Financiaríamos projetos de saúde materno-infantil, controle de hepatite e melhoria da situação da mulher. Quase todos em parceria com a fundação da Irmã Emmanuelle. Religiosa belga, cujas ações eram comparáveis como às de madre Teresa de Calcutá. Os zabbaleen estavam preocupados em perder o “negocio do lixo”, para firmas multinacionais. Asseguramos apoio financeiro para a formação de pequenos negócios, cooperativas e profissionalização.

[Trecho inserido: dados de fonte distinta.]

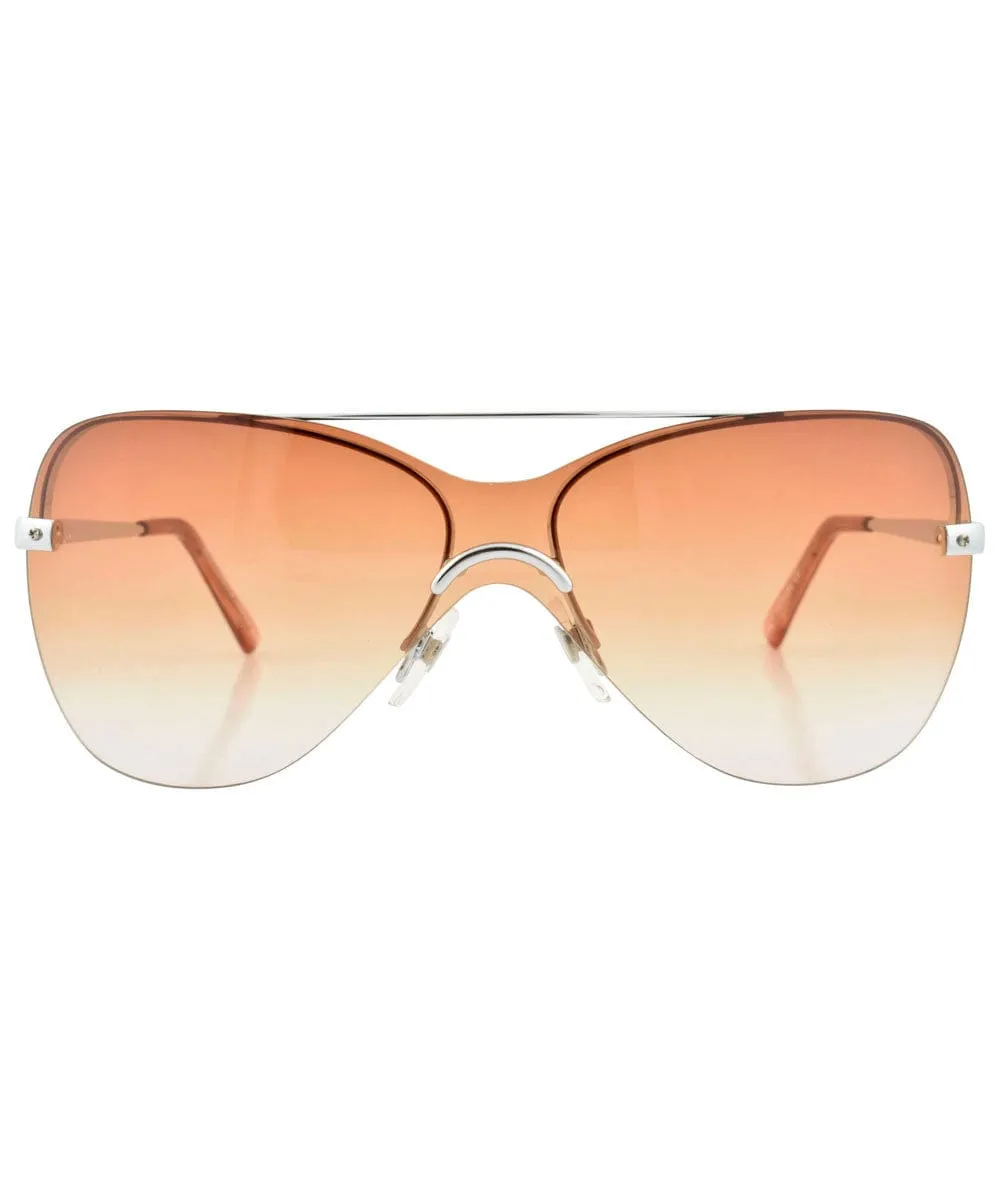 RAINBOW Brown Rimless Sunglasses sold by Giant Vintage product image thumbnail 3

Partimos do Cairo em direção de Assyut, no sul do vale do Rio Nilo. Levamos conosco o odor do lixo, até o fim da viagem. Visitaríamos comunidades cópticas, localizadas ao longo da rota usada pela Sagrada Família, quando fugiram da persecução do Rei Herodes… em um burrinho. Assyut é a cidade de maior concentração de cristãos cópticos no país. Venerada por cristãos e mulçumanos, por ter abrigado a Sagrada Família, por mais de três anos em uma gruta, num lugar chamado Dronka.

Iríamos visitar um projeto para verdureiras, nas proximidades de Dronka. Uma delas chamava-se Mariam. Maria em Árabe. Já havia recebido e pago três empréstimos. Era a historia de sucesso que procurávamos…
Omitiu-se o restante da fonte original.